**WHAT IS EXPECTED:** Go through the entries below and print, exactly, the lines starting at the one with "Dual Shade Of" and ending at the one with "German Potato Pancakes Crispy: 7", keeping both ends and no others.

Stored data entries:
=== Section Start ===

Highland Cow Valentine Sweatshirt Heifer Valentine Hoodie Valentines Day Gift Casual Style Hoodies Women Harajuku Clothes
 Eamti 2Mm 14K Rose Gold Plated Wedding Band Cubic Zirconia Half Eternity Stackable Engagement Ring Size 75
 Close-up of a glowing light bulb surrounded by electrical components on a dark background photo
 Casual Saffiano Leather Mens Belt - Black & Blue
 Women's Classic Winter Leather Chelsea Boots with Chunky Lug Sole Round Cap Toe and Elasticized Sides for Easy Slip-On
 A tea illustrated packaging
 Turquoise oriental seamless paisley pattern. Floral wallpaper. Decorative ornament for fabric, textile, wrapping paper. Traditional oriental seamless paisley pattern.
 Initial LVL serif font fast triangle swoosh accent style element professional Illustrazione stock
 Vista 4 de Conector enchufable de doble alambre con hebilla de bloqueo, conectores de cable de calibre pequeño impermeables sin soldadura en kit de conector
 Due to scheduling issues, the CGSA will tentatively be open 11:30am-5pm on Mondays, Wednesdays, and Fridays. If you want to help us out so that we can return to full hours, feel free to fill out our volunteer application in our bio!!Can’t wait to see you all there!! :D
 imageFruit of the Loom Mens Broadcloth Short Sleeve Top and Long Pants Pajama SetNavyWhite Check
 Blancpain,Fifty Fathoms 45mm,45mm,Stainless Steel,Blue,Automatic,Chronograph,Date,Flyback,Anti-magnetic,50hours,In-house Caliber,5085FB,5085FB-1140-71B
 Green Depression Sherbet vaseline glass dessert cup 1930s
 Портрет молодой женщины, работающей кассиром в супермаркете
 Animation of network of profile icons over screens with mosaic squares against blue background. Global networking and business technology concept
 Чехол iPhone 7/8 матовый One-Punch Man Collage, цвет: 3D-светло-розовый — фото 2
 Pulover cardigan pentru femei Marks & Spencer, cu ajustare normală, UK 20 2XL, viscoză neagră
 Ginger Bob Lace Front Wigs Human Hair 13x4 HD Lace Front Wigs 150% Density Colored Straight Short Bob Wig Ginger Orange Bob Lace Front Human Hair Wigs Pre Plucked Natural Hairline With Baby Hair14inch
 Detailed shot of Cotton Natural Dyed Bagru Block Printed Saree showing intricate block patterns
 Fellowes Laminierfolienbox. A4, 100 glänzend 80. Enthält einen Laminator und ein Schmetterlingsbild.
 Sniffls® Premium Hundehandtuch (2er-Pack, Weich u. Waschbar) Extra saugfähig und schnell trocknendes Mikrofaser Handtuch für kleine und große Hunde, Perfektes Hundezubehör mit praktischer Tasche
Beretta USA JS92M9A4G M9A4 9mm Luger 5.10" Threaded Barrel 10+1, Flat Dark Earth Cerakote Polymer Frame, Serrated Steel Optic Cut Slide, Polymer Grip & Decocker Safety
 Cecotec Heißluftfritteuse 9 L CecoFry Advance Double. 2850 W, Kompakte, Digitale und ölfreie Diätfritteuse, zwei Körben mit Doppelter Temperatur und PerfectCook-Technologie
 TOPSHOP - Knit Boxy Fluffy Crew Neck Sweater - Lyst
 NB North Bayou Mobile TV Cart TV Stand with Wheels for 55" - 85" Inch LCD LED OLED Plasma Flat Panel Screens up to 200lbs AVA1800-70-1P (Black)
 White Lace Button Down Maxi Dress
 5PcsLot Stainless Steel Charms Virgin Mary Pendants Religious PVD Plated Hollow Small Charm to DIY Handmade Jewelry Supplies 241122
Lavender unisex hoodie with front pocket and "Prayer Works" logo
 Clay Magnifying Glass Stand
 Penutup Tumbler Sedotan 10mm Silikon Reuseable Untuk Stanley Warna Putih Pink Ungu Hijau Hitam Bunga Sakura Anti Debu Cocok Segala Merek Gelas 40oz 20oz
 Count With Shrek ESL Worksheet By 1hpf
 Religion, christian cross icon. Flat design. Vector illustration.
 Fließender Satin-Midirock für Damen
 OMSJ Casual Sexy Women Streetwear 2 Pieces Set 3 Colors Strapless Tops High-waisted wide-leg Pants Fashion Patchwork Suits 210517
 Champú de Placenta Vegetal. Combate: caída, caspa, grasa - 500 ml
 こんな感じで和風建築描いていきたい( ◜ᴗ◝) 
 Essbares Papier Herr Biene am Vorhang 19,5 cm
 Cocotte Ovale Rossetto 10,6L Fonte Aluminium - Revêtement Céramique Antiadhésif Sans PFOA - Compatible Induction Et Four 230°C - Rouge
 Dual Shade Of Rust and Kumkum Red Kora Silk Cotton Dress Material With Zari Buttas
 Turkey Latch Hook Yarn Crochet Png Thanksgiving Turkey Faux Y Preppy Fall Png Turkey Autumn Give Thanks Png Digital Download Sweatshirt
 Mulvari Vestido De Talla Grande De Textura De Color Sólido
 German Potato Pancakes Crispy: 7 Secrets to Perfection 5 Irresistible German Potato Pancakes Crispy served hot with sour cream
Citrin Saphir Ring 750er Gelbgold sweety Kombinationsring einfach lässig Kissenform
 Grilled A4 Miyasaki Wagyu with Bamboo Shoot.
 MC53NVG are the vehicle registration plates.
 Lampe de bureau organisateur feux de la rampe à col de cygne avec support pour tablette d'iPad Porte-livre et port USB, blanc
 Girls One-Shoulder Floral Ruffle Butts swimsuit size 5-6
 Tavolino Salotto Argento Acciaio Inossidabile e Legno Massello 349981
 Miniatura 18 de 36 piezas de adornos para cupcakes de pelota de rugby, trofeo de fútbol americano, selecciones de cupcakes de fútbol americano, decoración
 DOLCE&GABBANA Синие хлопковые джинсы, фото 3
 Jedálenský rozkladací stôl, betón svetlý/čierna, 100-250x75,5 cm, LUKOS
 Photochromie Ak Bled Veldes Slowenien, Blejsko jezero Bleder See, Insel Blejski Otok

=== Section End ===

**EXPECTED ANSWER:**
 Dual Shade Of Rust and Kumkum Red Kora Silk Cotton Dress Material With Zari Buttas
 Turkey Latch Hook Yarn Crochet Png Thanksgiving Turkey Faux Y Preppy Fall Png Turkey Autumn Give Thanks Png Digital Download Sweatshirt
 Mulvari Vestido De Talla Grande De Textura De Color Sólido
 German Potato Pancakes Crispy: 7 Secrets to Perfection 5 Irresistible German Potato Pancakes Crispy served hot with sour cream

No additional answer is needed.